> **INFORMATION GIVEN**
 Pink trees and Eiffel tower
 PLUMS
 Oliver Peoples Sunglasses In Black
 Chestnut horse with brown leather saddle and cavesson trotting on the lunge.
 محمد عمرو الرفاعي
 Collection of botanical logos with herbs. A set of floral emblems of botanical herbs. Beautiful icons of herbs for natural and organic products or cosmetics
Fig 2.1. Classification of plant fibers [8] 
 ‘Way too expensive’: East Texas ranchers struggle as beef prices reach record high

---

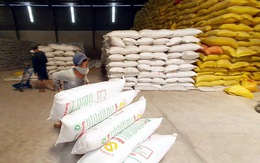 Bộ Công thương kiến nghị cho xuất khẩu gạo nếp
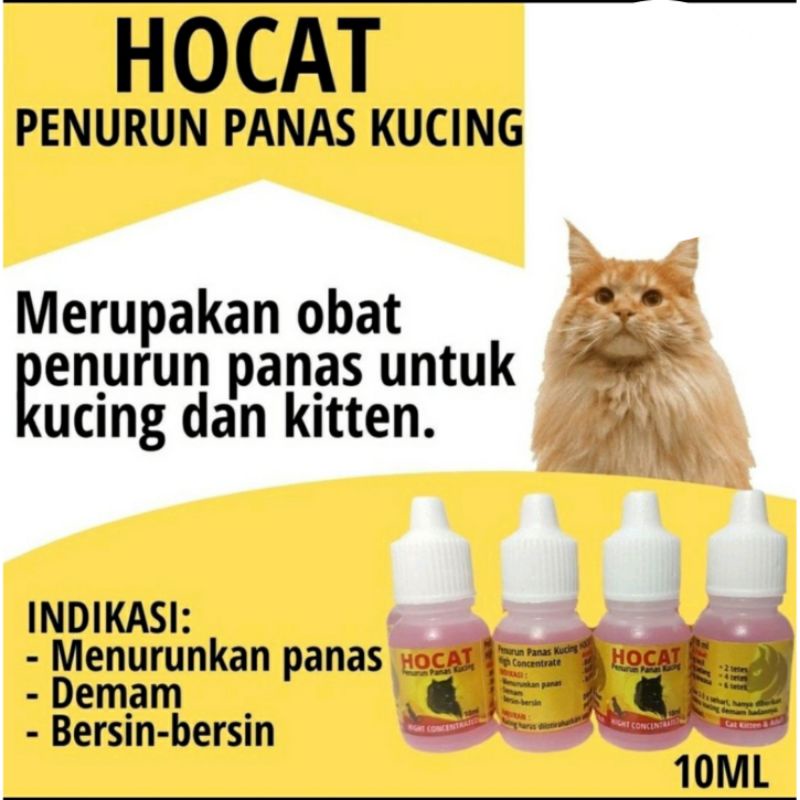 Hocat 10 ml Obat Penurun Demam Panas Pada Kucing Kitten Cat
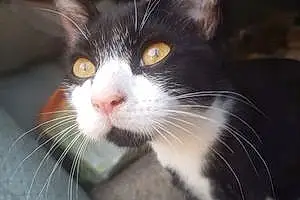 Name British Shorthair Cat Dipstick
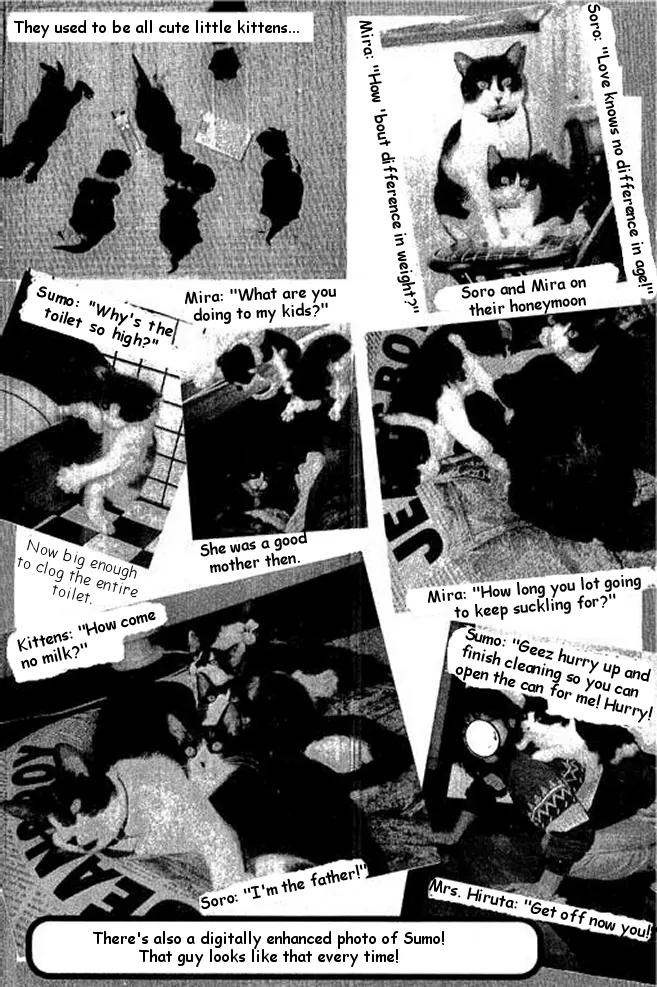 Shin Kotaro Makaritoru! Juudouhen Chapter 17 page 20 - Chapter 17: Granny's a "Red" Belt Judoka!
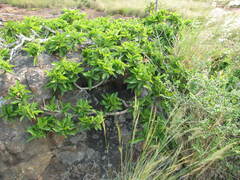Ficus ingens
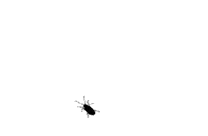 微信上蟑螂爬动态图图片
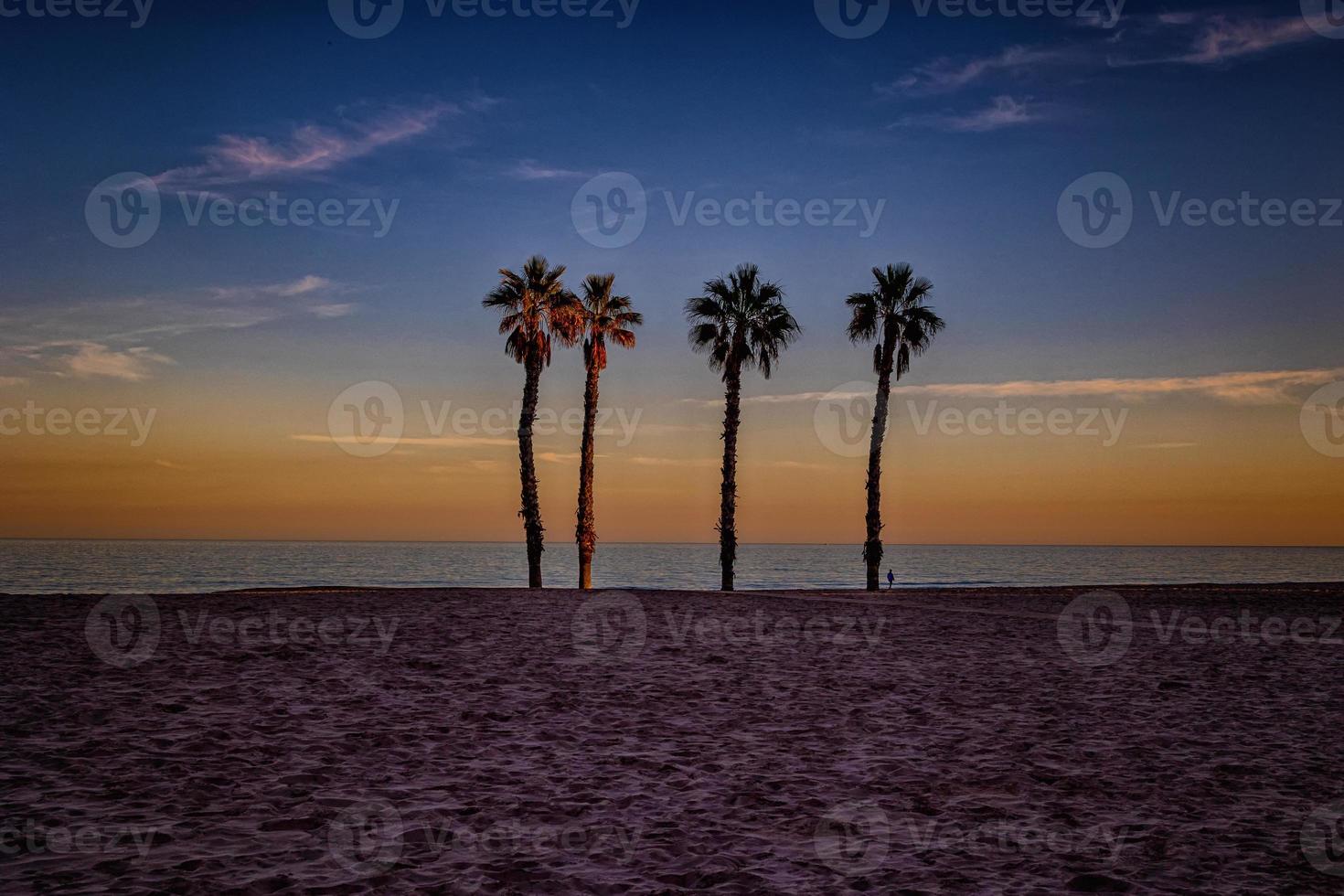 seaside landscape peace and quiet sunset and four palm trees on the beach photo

> **ACTION ITEM**
Look above for the line with "Collection of botanical" and the line with "reach record high", and reproduce exactly those two lines plus every line between, nothing more.

> **FINISHED TASK**
 Collection of botanical logos with herbs. A set of floral emblems of botanical herbs. Beautiful icons of herbs for natural and organic products or cosmetics
Fig 2.1. Classification of plant fibers [8] 
 ‘Way too expensive’: East Texas ranchers struggle as beef prices reach record high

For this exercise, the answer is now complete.